Finally, we can test out our configuration and providing all the parameters have been configured correctly, we should be able to use CETAS (create external table as) functionality to copy table’s data into a parquet file in Azure blob.

USE WideWorldImporters
GO
IF OBJECT_ID('customertransactions', 'U') IS NOT NULL
BEGIN
    DROP EXTERNAL TABLE customertransactions
END
GO
CREATE EXTERNAL TABLE customertransactions
WITH(
LOCATION  = 'customertransactions/',
DATA_SOURCE = azblob,
FILE_FORMAT = ParquetFileFormat)
AS SELECT * FROM [Sales].[CustomerTransactions];
GO

When it comes to Python installation, Microsoft provides a detailed overview of all steps required to install Machine Learning Services (Python and R) on Windows in the following LINK, however, this documentation does not include Python v.3.10 (the required Python interpreter version for SQL Server 2022) download link. Beginning with SQL Server 2022 (16.x), runtimes for R, Python, and Java are no longer shipped or installed with SQL Server setup so anyone wishing to run in-database Python will need to download it and install it manually. To download Python 3.10.0 go to the following location and download the required binaries. Afterwards, follow the installation process and steps as outlined by Microsoft documentation.

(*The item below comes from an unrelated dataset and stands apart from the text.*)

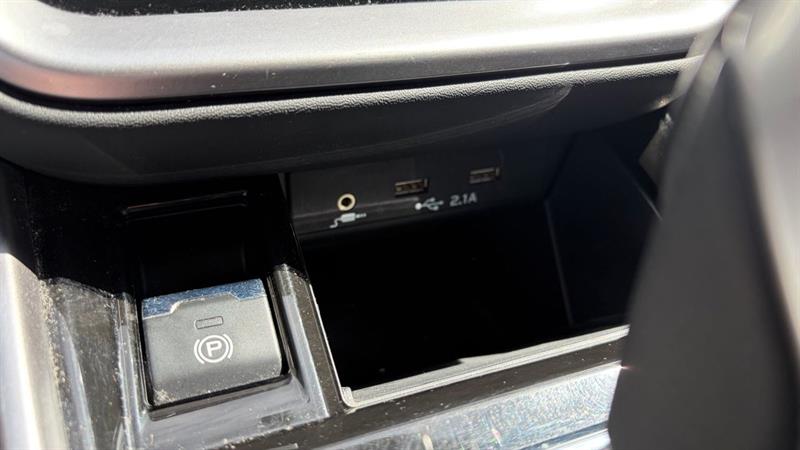subaru Legacy 2022 - 25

When concluded, we can run a short script to ensure running external scripts is enabled and Python SQL Server integration is working, and the returned value is as expected.

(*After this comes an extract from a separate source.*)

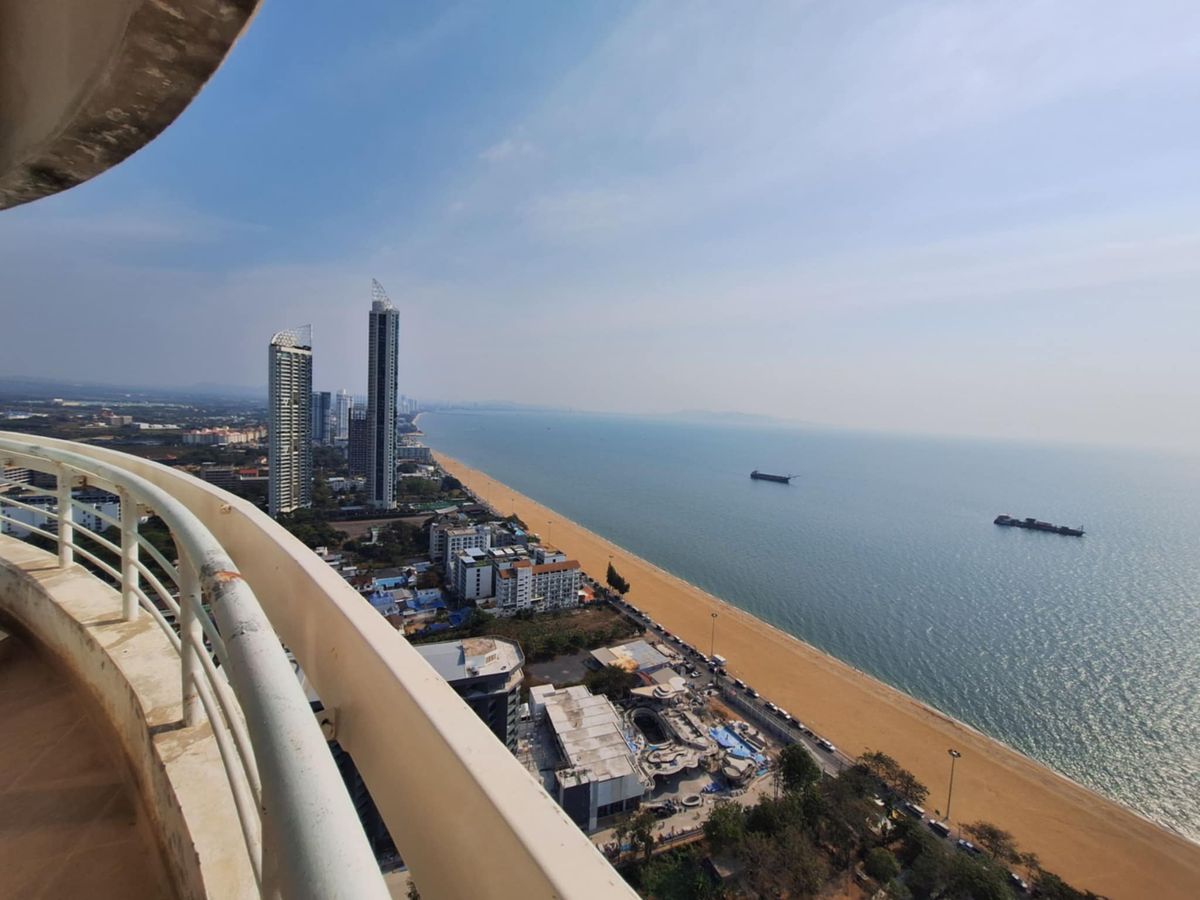 Sale Metro Jomtien Condotel at Jomtien Beach - 3 Bedrooms 3 Bathrooms Sea View Mountain View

EXEC sp_execute_external_script @language = N'Python',
@script = N'OutputDataSet = InputDataSet;',
@input_data_1 = N'SELECT 1 AS PythonValue'
WITH RESULT SETS ((PValue int NOT NULL));
GO

In order to make the Parquet files extract and ingestion repeatable (beyond 1st run), we need to ensure the created files can be deleted first. This is due to the fact that defining file names is not an option, neither can they be overwritten (only file location can be specified) and as such, any subsequent run will result in a clash without files being purged first. Interacting with Azure Blob Storage and files can be done through a range of different technologies, but in order to “consolidate” the approach and ensure that we have one code base which can act on many different requirements, all within the confines of SQL Server and no external dependencies, it’s best to do it via Python (will run as part of the same stored procedure code) and pip-install the required libraries first. In SQL Server 2022, recommended Python interpreter location is in C:\Program Files\Python310 directory. To install additional libraries, we need to go down a level and access pip in C:\Program Files\Python310\Scripts directory as admin. I will also install additional libraries to conduct post-export data validation as per below.

pip install azure-storage-blob
pip install pyarrow
pip install pandas

Now that we have our storage account created and Polybase and Python runtime configured, all we need is our account key and account name in order to execute the following script directly from the SQL Server instance.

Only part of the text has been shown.